Evidence from Sensitivity Analyses

Sensitivity analyses can be used to evaluate engagement in QRPs by calculating the probability that a set of results is possible (Francis et al. 2014). As with the behavioral approach, sensitivity analyses have strengths and limitations. For instance, sensitivity analyses do not require researchers to answer truthfully on questionnaires, nor do researchers need to rely on respondents’ memories of past behaviors. Sensitivity analyses are also not concerned with researchers’ rationalizations of such behaviors, but rather focus on statistical probability estimations. Unlike the behavioral approach, one advantage of sensitivity analyses is that they do not require protocols or early drafts of a study in order to investigate engagement in QRPs. However, this approach can be limited. For instance, sensitivity analyses lose quite a bit of accuracy when attempting to establish the probability that a certain result was found in any individual study. Rather, sensitivity analyses are more accurate when evaluating the probability of a set of results across hundreds of reported results.

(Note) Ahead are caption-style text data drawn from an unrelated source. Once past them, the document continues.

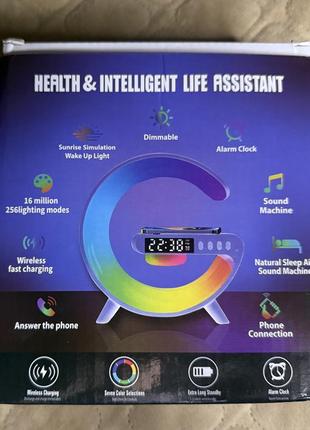 Настольная лампа с колонкой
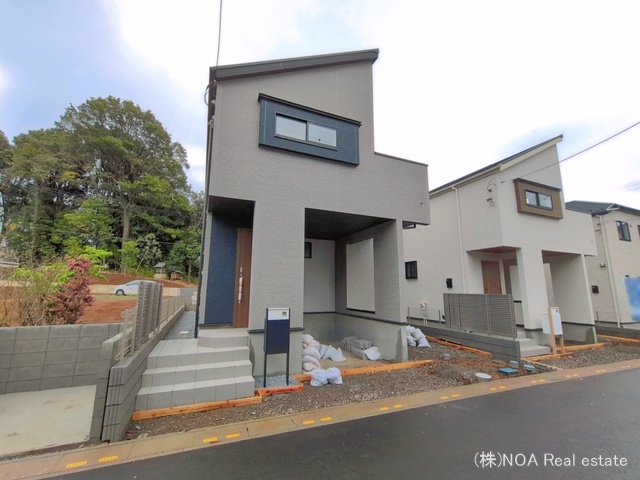 埼玉県川口市大字安行領家の新築戸建て外構写真 2026年4月1日撮影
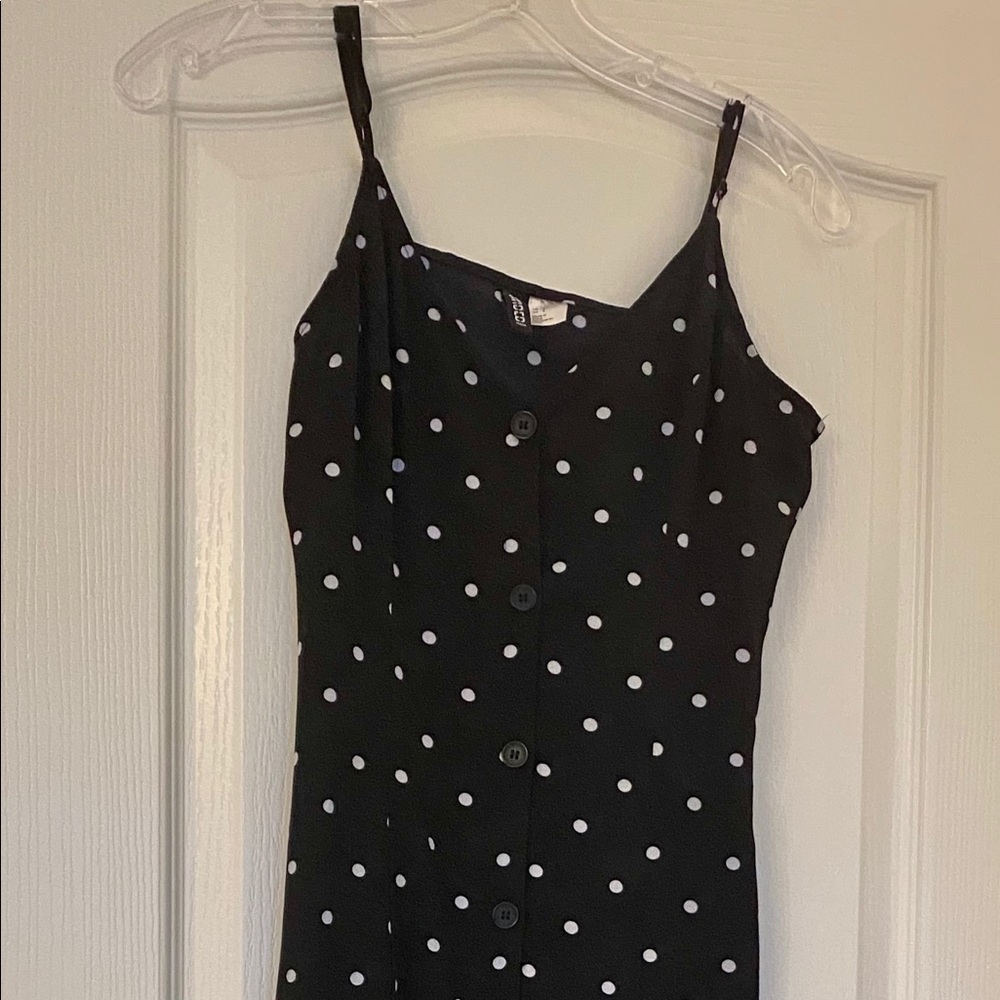 h&m polka dot dress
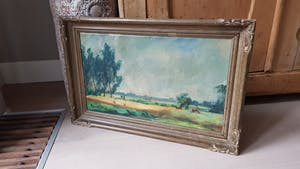 Piet van Wijngaerdt - Landschap van Brabant, olie op doek, gesigneerd en verso kopen? Bied vanaf 199!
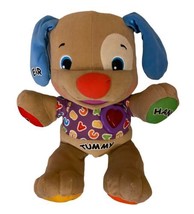 Fisher Price Learning Tummy Dog Singing Heart Talking ABC Teddy Bear Int... - £21.30 GBP
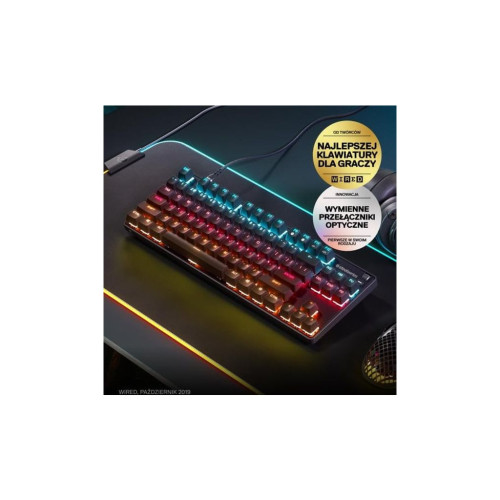 Клавіатура SteelSeries Apex 9 TKL USB Black (64847) – SteelSeries (вид 2)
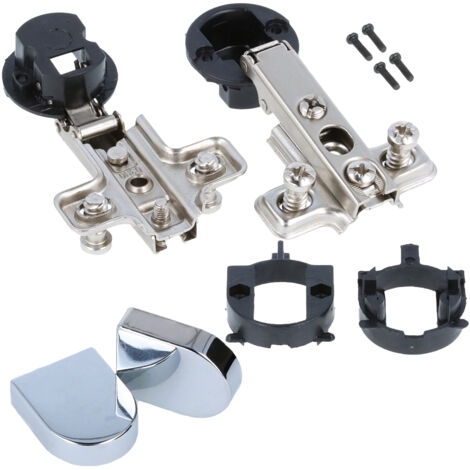 1 Set Topfbänder Glastürscharniere 26mm Topf Vitrinenscharnier Eckanschlag Oval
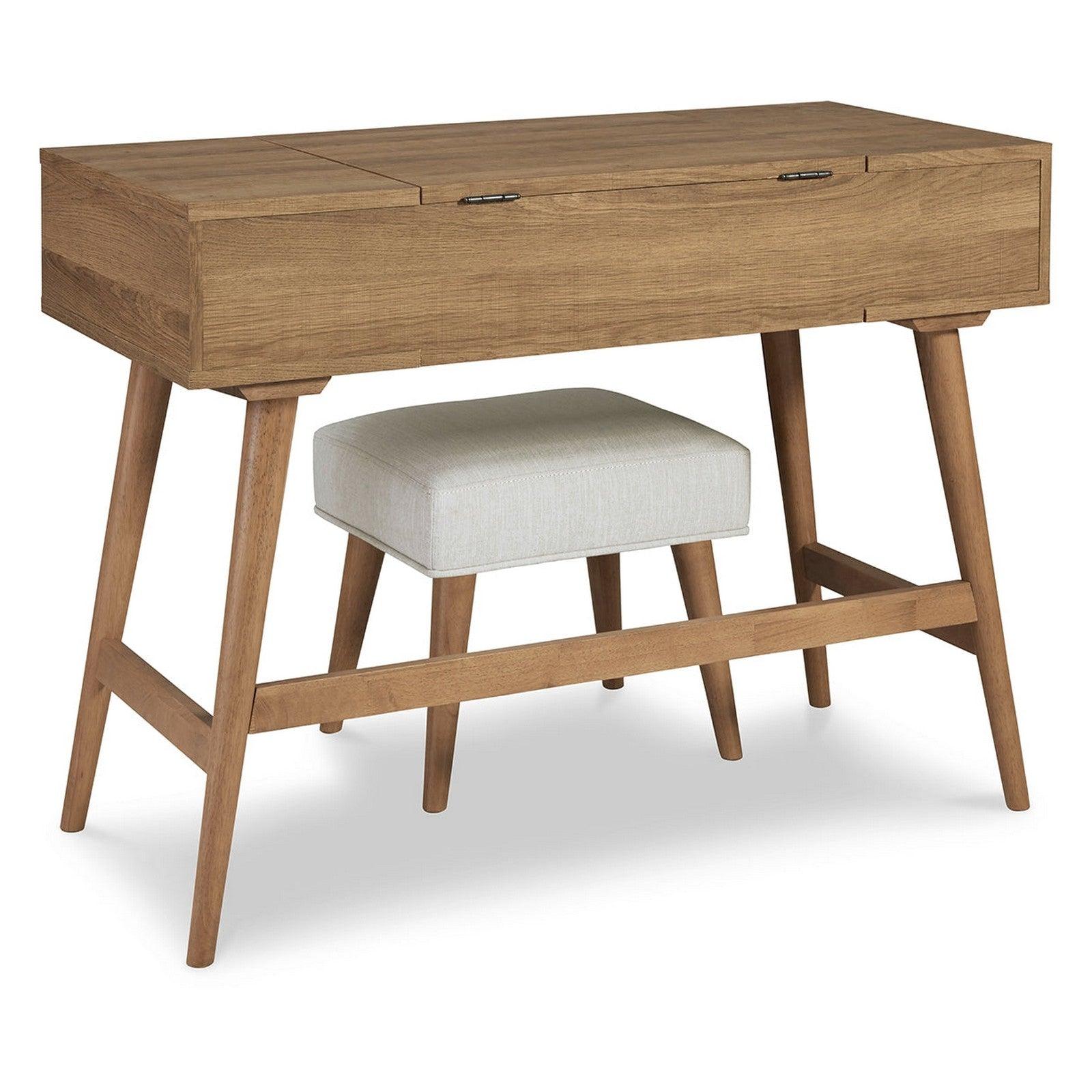 Thadamere Vanity with Stool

A total of 14 studies were identified that fit our criteria and used sensitivity analyses (see “Appendix” section). Of these studies, none appeared to find little to no evidence of engagement in QRPs and the other 14 found more severe evidence. Considering the evidence from sensitivity analyses, it seems that p value manipulation is a widespread practice among the fields included in the current review. That is, a majority of the studies that employed sensitivity analyses suggest that researchers are incorrectly rounding p values or perhaps p-hacking to make their results seem “more significant” than they actually are. Below, we offer a few examples that highlight the range of findings:

  • In their research on p values, de Winter and Dodou (2015) reported that dramatic increases of significant results may have been the result of both QRPs, but also improved methodological designs.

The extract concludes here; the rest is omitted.